In order to identify the promising genotypes, we adopted a simple approach wherein mean genetic deviation was calculated successively. To start with, it was calculated from 107 UW genotypes and 116 FW genotypes using the expression which gives the mean genetic deviation of ith genotype from its deviation at jth year and kth location. The repeated use of this expression with genotypes having corresponding above mean values facilitate the partitioning of these genotypes, location and years to identify the promising genotypes and genetic gain during this duration.
Results and discussion
Genotypic performance
The trial mean yield of upland wheat (UW) genotypes varied between 2–6 t/ha whereas that of field wheat (FW) genotypes varied between 3–7 t/ha across locations (Table 2). Over the years, these genotypes exhibited a range of 3–5 t/ha and 4–7 t/ha for UW and FW genotypes respectively (Table 3). This might be attributed to higher yielding abilities of FW genotypes [13]. Overall, the variations in UW genotypes was 36% more than that of FW genotypes. Within the group variations over years was more for UW genotypes whereas FW genotypes exhibited slightly higher variations over locations. These differences were significant and exhibited a great diversity among these genotypes as well as their performance across locations and over the years (Table 4).

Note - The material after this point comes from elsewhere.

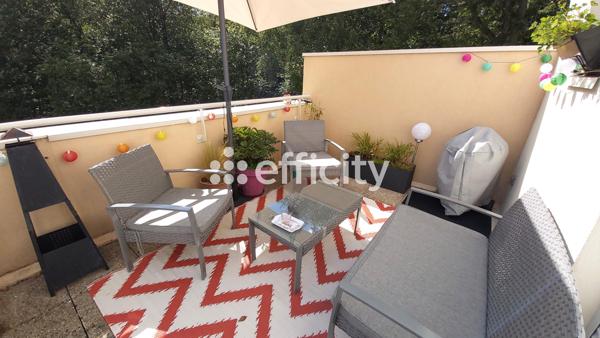 Appartement 5 pièces - 94 m²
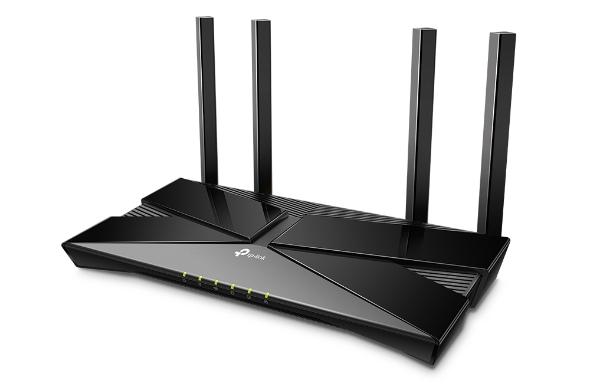 Маршрутизатор TP-Link Archer AX10(EU)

Considerable variations in trial mean square values and trial mean yield was observed. The highest mean square values over years for FW genotypes were of greater extent (~68%) than that of UW genotypes. This was considerably low (11%) for locations (Fig 1).
This variable performance over years and locations for both UW and FW genotypes indicated that the results lacking any predictable order. This might be due to varying number of genotypes tested over locations and years. This noise in results necessitated the consistency in testing environments and locations to achieve the selection gains mediated through such trials by minimizing the influence of such variations [19].
Genotypic selection
A number of approaches have been reported based on various multilocational studies to facilitate genotypic selection considering the genetic and environmental factors [8, 9, 20, 21]. In this study, the trial data was exploited to extract as much information as possible through a simple and easy to apply approach for ascertain the promising genotypes.
Through a repeated elimination process of sub-optimal performing genotypes, 57% of the UW genotypes and 43% of the FW genotypes were excluded in the first cycle (Fig 2). During the subsequent cycles (Figs 3 and 4), genotypes were eliminated considering the prevailing environmental factors (years and locations) [21].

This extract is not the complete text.